Can you please tell us about your work with LGBTQ+ youth?

I’ll tell you that I might get emotional. I was very content in my career before finishing my FNP. I have a PhD in nursing and worked as a nursing educator. I think I’m an excellent educator. But then you’re around these kids and realize they have changed you. They don’t know that they’re changing you, but they’re changing you. As the chaperone, I go in and carry the watermelon every week, so to speak. I bake the brownies and hang out with them on Fridays, but they completely changed my life. I’m so grateful they did that, and I’m so grateful for my future. I love them.

What are some of the biggest needs you see among the youth you serve, especially teens and young adults who identify as LGBTQ? And/or why is it important for people to understand the mental health needs of you identifying as LGBTQ?

Really, it’s just simple things, like respecting pronouns is a simple start. It is suicide prevention and basic human kindness that doesn’t hurt anyone to do. Respecting the name someone wants to be called is another important step. Study after study supports that this is suicide prevention, plain and simple. It’s not giving in or caving to a whim. I look from the perspective of if it saves a teen’s life, why not?
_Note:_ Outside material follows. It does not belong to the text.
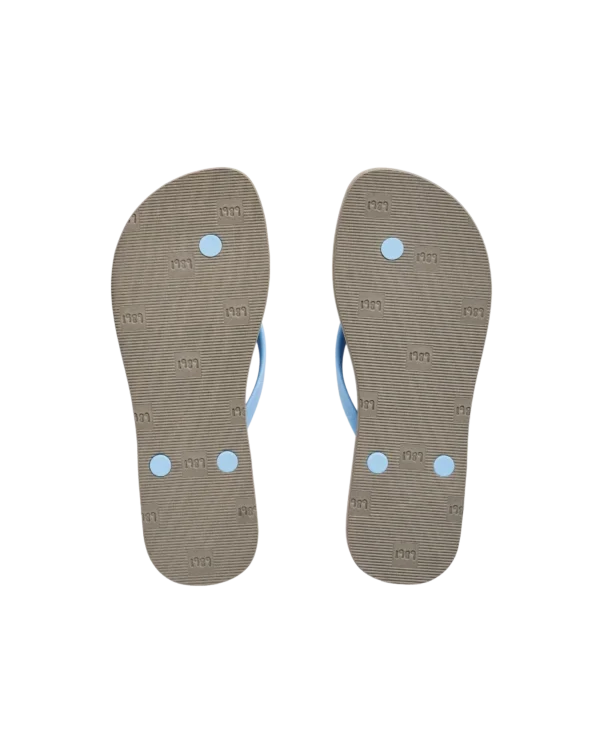 Alternative view of 1989 Seagull Sandal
If one week they want to be called Ocean and the next week they want to be called Happy, just roll with it. All kids want is for people to be kind to them. It’s amazing when these kids come to the group and share, “I’m so happy! My grandma called me my name and respected my pronouns.” I don’t think that their grandma knows how much that meant. I don’t know how anyone can think they are in the right when causing harm to a kid. I love the Rivers and the Ravens, all of them.

Is there anything else you would like to share?

No, but I appreciate your organization and their belief in me. I was humbled by it, and I’m always going to be.